Ten considerations to bring the power of clubs to the people and people to the clubs
1. Give hunters a local home
2. Start with local clubs and organizations
3. Hold weekly meetings with broad audience appeal
4. State and federal agencies can support clubs and their programs
5. Club members need a direct tie to the land and management of lands and wildlife
6. Local and national businesses should support clubs
7. Outdoor media should be part of recruitment and retention by supporting clubs
8. People value of proximity and repetition and miss events when they cannot attend
9. People want to anticipate and prepare for events, enjoy then, then talk about them
10. Clubs provide the social network that is currently missing
Model clubs should have the following attributes:
• Support conservation and outdoor responsibility and stewardship
• Have personal and social reasons for existing: visions with dreams and goals
• Develop concrete objectives for conservation and enjoyment
• Create an atmosphere that welcomes and nurtures the new and inexperienced
• Maintain a broad base of leaders and competent officers
• Use sound organizational structures with relevant functions
• Actively recruit, develop and retain members
• Conduct interesting and useful meetings and programs
• Activate committees to carry out diverse programs
• Encourage diverse participants, young and old, male and female
• Gain and earn support from governments, businesses and the community at large
• Cooperate with existing angling, conservation, shooting, and hunting groups
Some precautions about clubs but not a reason to avoid clubs
• Hunters and people in general have decreased their civic engagement and lost some social capital.
• Joining clubs is no guarantee.
• Robert Putnam’s book Bowling Alone examined 500,000 interviews dealing with civic participation and reported that society has become increasingly disconnected from family, friends, neighbors, and social structures including the PTA, 4-H, church, civic groups, recreation clubs, political parties, or bowling leagues.
• Putnam wrote not to discourage club involvement but rather to show that decreasing civic engagement wasn’t good.
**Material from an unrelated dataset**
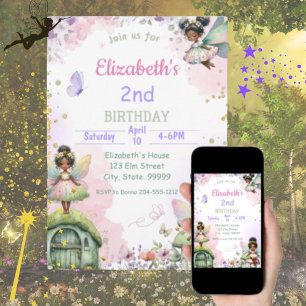 Black Fairy Birthday Invitation for girl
He encouraged clubs.
Doers make Doers! Clubs provide what anglers, hunters and other users say they need: places to go and a support base of mentors. Clubs can provide what education theory recommends: positive experiences with repeated inputs over time. Club leaders already exist that can form the foundation for socialization of hunters and shooters. The club concept worked in the past and should work even better today but leadership must meet the challenges with strong, unified and persistent actions. There aren’t many new ideas in world to discover and sometimes we fail to find solutions that are immediately before us because we are looking for something that does not exist. Success with conservation clubs would improve if every related agency and organization in every state and province partnered with outdoor businesses to make it their goal to encourage the club concept. Good ideas need proper timing to germinate and ideas take time to mature. Clubs have the components for successful recruitment and retention: interested people as mentors, places to go, topics of mutual interest to discuss, and leaders who can take the concept to a higher level.
The revitalized clubs should become part of weekly socialization. Not attending the events should be felt as a distinct loss.